Japan, the world’s third-biggest economy, imported a record 87.49 million tons of LNG last year. The country may reduce consumption of the fuel this year as nuclear production resumes, Yoshihiko Sakanashi, the executive vice president of Electric Power Development, or J-Power, said in an interview on June 1.
The average price of spot LNG cargoes imported by Japan in May was $14.80, down from $16 a month earlier, the Ministry of Economy, Trade and Industry said in a report today.
The restart of the reactors in Japan “will change the mood of the market,” Hiroki Sato, the general manager of Chubu Electric Power Co.’s fuels department in Nagoya, said in a June 12 interview. “Spot prices will be stable at current levels in coming months and rise somewhat, but not to levels close to those of last year during the winter-demand season.”
Asia’s LNG buyers, accounting for about three-quarters of global consumption in 2013, are also considering North American supplies after a surge in extraction from shale deposits.
Cheniere Energy’s Sabine Pass terminal in Louisiana, scheduled to start producing LNG by the end of next year, is the first to win full approval for U.S. exports from the Federal Energy Regulatory Commission since ConocoPhillips’s Alaskan Kenai plant in 1967.
Sempra Energy (SRE:US) won final U.S. approval yesterday from the FERC to build its Cameron export terminal.
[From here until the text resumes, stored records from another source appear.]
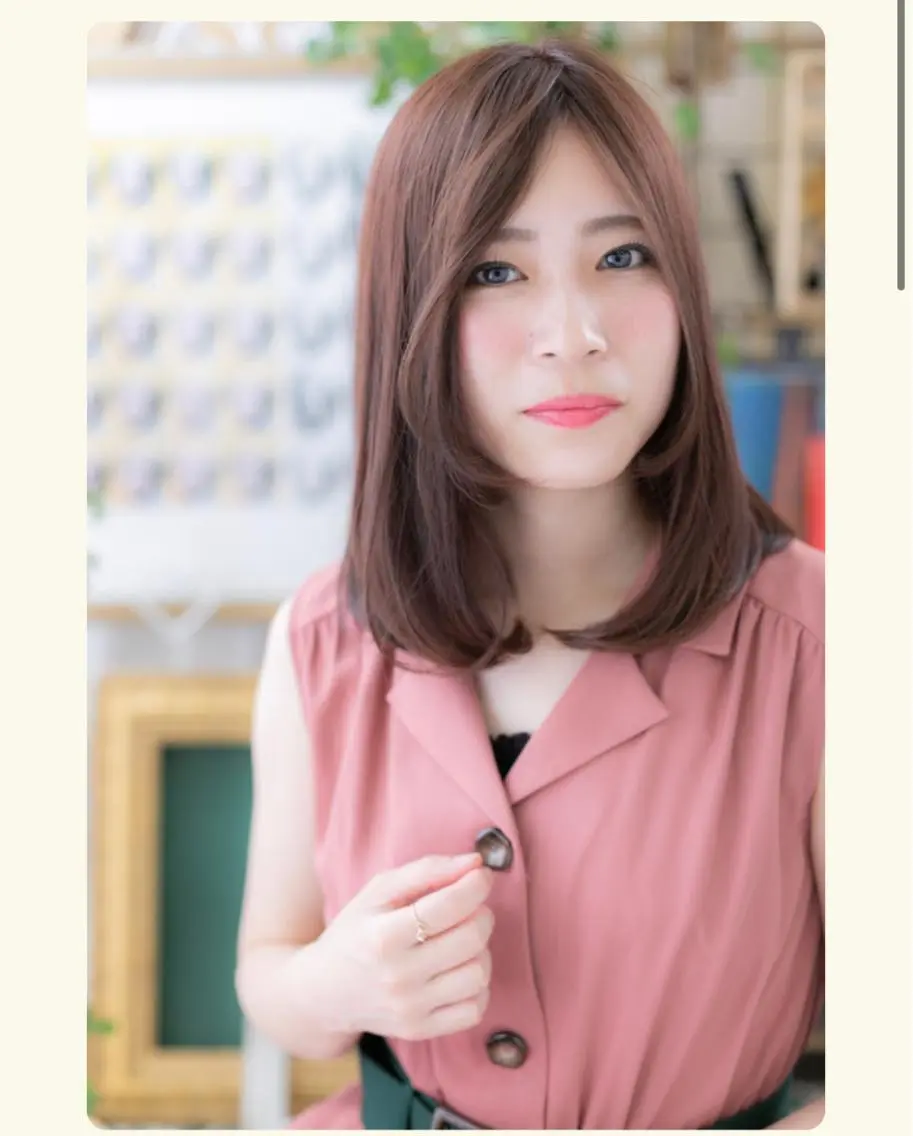 ミディアム 中舘 安津子のヘアスタイル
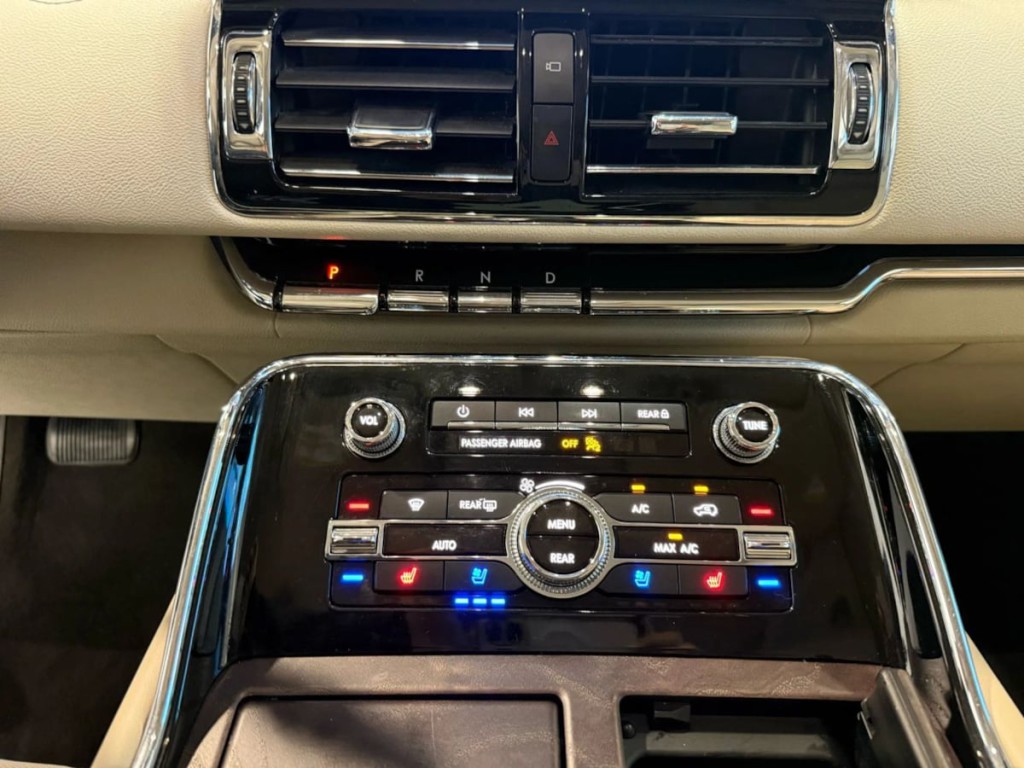 2019 Lincoln Navigator Image 20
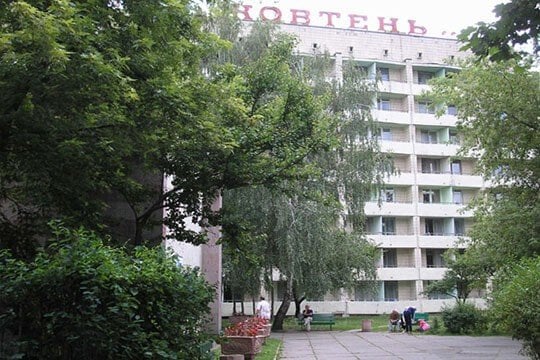 СМИ: Спецназ ГУР взял штурмом санаторий с военными под Киевом. 10 человек попали в плен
The project in Louisiana will start operations in 2018, according to the San Diego-based company’s website.
In addition to LNG from Australia and the U.S., Mozambique and Russia will add to supplies in the global market, Osamu Fujisawa, a Tokyo-based independent energy economist who has worked for Royal Dutch Shell Plc and Saudi Arabian Oil Co., said June 17 by phone. “So there will be a lot of supply, and this will not be good for spot LNG prices.”